### AirBnb listings dataset cleaning
Source: http://insideairbnb.com/get-the-data.html - listings.csv.gz - Detailed Listings data for Barcelona

The specific file used is the one related to the 14th of August 2018. The reason why a 2018 dataset was used is because the analysis will be carried out in relation to Barcelona's average rental prices as provided by the Ajuntament of Barcelona, which are released every year. For obvious reasons the complete data available currently stops at 2018.

In [175]:
import pandas as pd
import numpy as np

In [176]:
airbnb_full = pd.read_csv("/home/emanuele/Desktop/IronHack/Projects/Project-Week-2-Barcelona/your-project/listings.csv")

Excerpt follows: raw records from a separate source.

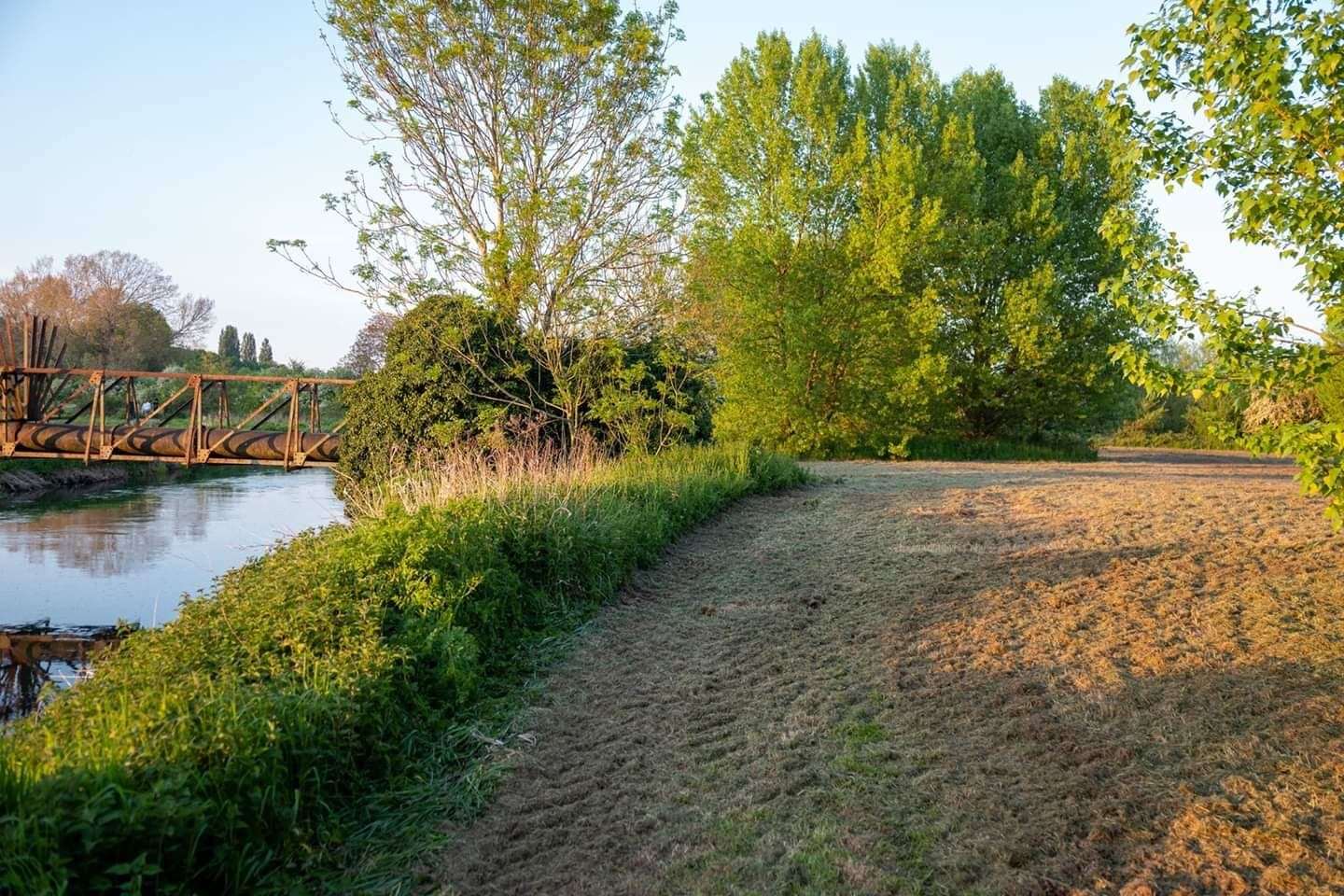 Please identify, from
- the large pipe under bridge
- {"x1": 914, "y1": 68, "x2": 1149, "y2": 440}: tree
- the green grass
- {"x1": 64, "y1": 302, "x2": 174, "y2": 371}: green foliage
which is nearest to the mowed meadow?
the large pipe under bridge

Given the sheer number of attributes in the listings.csv file it is preferrable to list the columns instead of using head() or describe()

In [177]:
list(airbnb_full.columns)

['id',
 'listing_url',
 'scrape_id',
 'last_scraped',
 'name',
 'summary',
 'space',
 'description',
 'experiences_offered',
 'neighborhood_overview',
 'notes',
 'transit',
 'access',
 'interaction',
 'house_rules',
 'thumbnail_url',
 'medium_url',
 'picture_url',
 'xl_picture_url',
 'host_id',
 'host_url',
 'host_name',
 'host_since',
 'host_location',
 'host_about',
 'host_response_time',
 'host_response_rate',
 'host_acceptance_rate',
 'host_is_superhost',
 'host_thumbnail_url',
 'host_picture_url',
 'host_neighbourhood',
 'host_listings_count',
 'host_total_listings_count',
 'host_verifications',
 'host_has_profile_pic',
 'host_identity_verified',
 'street',
 'neighbourhood',
 'neighbourhood_cleansed',
 'neighbourhood_group_cleansed',
 'city',
 'state',
 'zipcode',
 'market',
 'smart_location',
 'country_code',
 'country',
 'latitude',
 'longitude',
 'is_location_exact',
 'property_type',
 'room_type',
 'accommodates',
 'bathrooms',
 'bedrooms',
 'beds',
 'bed_type',
 'amenities',


The columns that will be kept will be related only the data strictly needed for the analysis: 'id', for matters of indexing; 'price', since our analysis will be fully related to the prices of the listings in comparison to rental prices; the columns related to neighbourhood data; 'accomodates', which stores the maximum number of people allowed; 'availability_30', which can be used to determine the percentage of booked days in the 30 days prior to the 14th of August 2018 to better relate the listing price to a rental price, which of course assumes a "booked" percentage of 100%. We will also be using 'room_type' initially to limit the data to listings related to the Entire house, exluding Private and Shared rooms since we assume the prices to be skewed. 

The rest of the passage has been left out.